Senate debates

Monday, 23 June 2014

Matters of Urgency

Future of Financial Advice

4:30 pm

Photo of Peter Whish-WilsonPeter Whish-Wilson (Tasmania, Australian Greens) Share this | Hansard source

Having worked in the financial services industry and having been part of this inquiry, I say that it is a very complex area. I see the FoFA laws that were implemented is that as trying to simplify a very complex area, although some say they had overreach or overkill. During the inquiry we were told that if financial planners, for example, were to exhaust the list of things they needed to do to act in their client's best interests, that list could potentially be 30 or 35 checklists long. That is why the catch-all provision was put in, as it has been for other professional industries: to make sure that everything had been exhausted. But it was not to go into the legislation because that would have been very complex. When it comes to scaled advice, even the experts disagree as to where it kicks in and where it does not. We still have problems with defining 'personal advice' and 'general advice'. All these complexities are the reason we needed a simple set of laws that achieved a balance in protecting consumers in this country.

Senator Bushby said the impact went too far and it tipped the balance. It was designed to increase confidence in the financial planning and financial services industry. It was designed to get more people to go to financial planners, and that is a good thing. I met a lot of really good financial planners during this inquiry, and I must say that a lot of the smaller financial planners who charge a fee for service do a great job and that they have amazing relationships with their clients. That is not the issue for the Greens. The issue is the large vertically integrated financial services companies that we know have a conflict of interest inherent in their business models. The Australian Bankers' Association said on the record during the inquiry that they wanted these FoFA laws changed before 1 July so that they did not have to put in place costly compliance mechanisms in their back offices. To me, the real issue here is the opportunity costs of their lost income; the big financial services companies make so much money out of cross-selling products to their client bases. It is that lost income that is the elephant in the FoFA room.

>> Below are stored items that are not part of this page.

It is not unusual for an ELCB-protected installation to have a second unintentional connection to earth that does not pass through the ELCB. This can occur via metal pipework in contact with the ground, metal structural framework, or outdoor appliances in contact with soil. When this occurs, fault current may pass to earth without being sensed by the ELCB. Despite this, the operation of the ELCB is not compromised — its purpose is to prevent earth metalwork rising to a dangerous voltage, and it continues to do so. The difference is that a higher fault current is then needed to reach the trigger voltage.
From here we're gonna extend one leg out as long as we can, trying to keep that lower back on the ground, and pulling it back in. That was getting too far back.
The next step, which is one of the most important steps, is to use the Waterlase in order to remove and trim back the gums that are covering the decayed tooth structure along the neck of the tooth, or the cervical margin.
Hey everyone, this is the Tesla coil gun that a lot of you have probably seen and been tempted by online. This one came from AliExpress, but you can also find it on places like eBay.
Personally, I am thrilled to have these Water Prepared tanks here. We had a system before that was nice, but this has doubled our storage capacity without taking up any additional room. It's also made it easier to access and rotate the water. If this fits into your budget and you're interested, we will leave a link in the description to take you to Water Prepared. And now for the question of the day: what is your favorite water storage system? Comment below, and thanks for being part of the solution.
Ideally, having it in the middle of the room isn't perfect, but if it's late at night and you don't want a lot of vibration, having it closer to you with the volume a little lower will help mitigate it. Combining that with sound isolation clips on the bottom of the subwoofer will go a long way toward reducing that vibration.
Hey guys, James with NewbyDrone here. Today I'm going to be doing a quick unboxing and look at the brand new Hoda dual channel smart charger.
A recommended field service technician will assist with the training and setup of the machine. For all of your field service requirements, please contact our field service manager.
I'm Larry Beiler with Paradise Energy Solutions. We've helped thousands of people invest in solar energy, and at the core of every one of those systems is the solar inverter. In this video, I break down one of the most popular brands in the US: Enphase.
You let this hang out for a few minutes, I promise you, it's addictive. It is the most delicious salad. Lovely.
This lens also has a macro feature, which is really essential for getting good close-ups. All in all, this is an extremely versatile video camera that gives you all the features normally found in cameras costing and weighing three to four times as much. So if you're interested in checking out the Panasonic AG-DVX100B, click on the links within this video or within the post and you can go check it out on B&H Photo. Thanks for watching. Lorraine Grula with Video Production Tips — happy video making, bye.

Why have the Bankers' Association and the financial services associations, representing the big end of town, lobbied so hard for these changes before some of them are even implemented?

I think the Greens have taken an eminently sensible approach to this inquiry by saying that, in areas such as opt-in clauses or best-interest duty or scaled advice, we should give it some time to see whether there is an increased cost for provision of financial advice—whether there are problems with increased insurance premiums, et cetera. We have not had time to see this through yet; all we have is speculation. Choice, Seniors Australia, with 200,000 members, and Certified Practising Accountants, one of the biggest lobby groups in financial services, did not want to see these laws weakened. These are very important stakeholders in this country who want to give these laws a fair go—it is not just the Greens or Labor.

Only now are we seeing the wash up of the GFC—whether it was the collapse of Storm Financial or whether it was the CBA in the media or whether it was Timbercorp, as we have seen this week—our toxic debt from the GFC is now washing through the economy. This is not the time to be weakening financial advice laws. We need to keep them strong and we need to send a very clear message to not only a few bad apples but also the big end of town that it is a cultural issue that we have to tackle through strong regulation.